Florida Attorney General James Uthmeier on Thursday issued a sweeping subpoena to the Environmental Law Institute and its Climate Judiciary Project, demanding records on the group’s funding, its contacts with Florida judges and its role in climate-related litigation. Uthmeier labeled the network a “Climate Cartel” and said his office is investigating whether activists have “hijacked” the judicial system to advance a net-zero agenda. The institute says it plans to cooperate and to make sure the attorney general receives accurate information about its programs.

As reported by Creative Loafing Tampa, the subpoena, served on ELI’s Climate Judiciary Project, seeks donor lists, internal emails about trainings and conferences for Florida judges and any correspondence with high-profile climate activists. The order is issued under Florida’s Deceptive and Unfair Trade Practices Act and aims to determine whether ELI’s activities qualify as deceptive trade practices.
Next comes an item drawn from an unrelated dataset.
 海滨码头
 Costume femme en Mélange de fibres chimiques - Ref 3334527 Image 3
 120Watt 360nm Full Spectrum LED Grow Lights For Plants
In a statement, Uthmeier framed the inquiry as an effort to “protect the integrity of our court system” and hold “anyone who is trying to deceive Floridians... accountable.”

The move is the latest in a growing line of state and federal inquiries into what some Republican officials have branded a “climate cartel.” In July 2025, Uthmeier’s office launched a related investigation and sent subpoenas to the Climate Disclosure Project and the Science Based Targets Initiative, according to Florida Phoenix. It also arrives against a shifting policy backdrop: Gov. Ron DeSantis signed a 2024 bill that stripped several references to “climate change” from Florida statutes, a measure detailed by Florida Phoenix.

Federal scrutiny and the CJP

At the federal level, Republican members of the House Judiciary Committee have been scrutinizing whether judicial-education programs run by ELI’s Climate Judiciary Project improperly influence judges who later handle climate cases. A committee letter and accompanying materials raise concerns about how transparent the CJP curriculum is and note that the project has trained thousands of state and federal judges. Those documents are publicly available in a filing from the House Judiciary Committee. That federal attention helps explain why Florida’s subpoena is aimed squarely at the Climate Judiciary Project.

Legal grounds and next steps

The subpoena relies on Florida’s Deceptive and Unfair Trade Practices Act, the state consumer-protection law that lets the attorney general investigate unfair or deceptive commercial conduct. The statute gives the office broad investigatory powers and access to civil remedies. Legal analysts note that FDUTPA can result in civil enforcement actions, injunctions or restitution but does not itself create criminal liability, and that investigations under the law often trigger fights over records, privilege and donor confidentiality. Any pushback from ELI is expected to lead to litigation over how far the subpoena can reach and what protections apply to outside groups and lawyers, according to a summary of the law from Syfert.

What to watch

Nick Collins, a spokesperson for ELI, told reporters the institute will “ensure the Florida Attorney General has accurate information” about its work and defended its judicial-education efforts as evidence-based and neutral. The attorney general’s office has not indicated whether this subpoena will ultimately result in a civil lawsuit. Both industry groups and environmental advocates say the odds are high that records disputes and broader litigation will follow, as the sides clash over transparency, privilege and judicial independence.

Whatever comes next, the subpoena plants Florida squarely in the middle of a national fight over how science, private funding and the courts intersect. For Floridians, the outcome could influence who educates judges in climate cases and how nonprofits and companies disclose their climate-related work.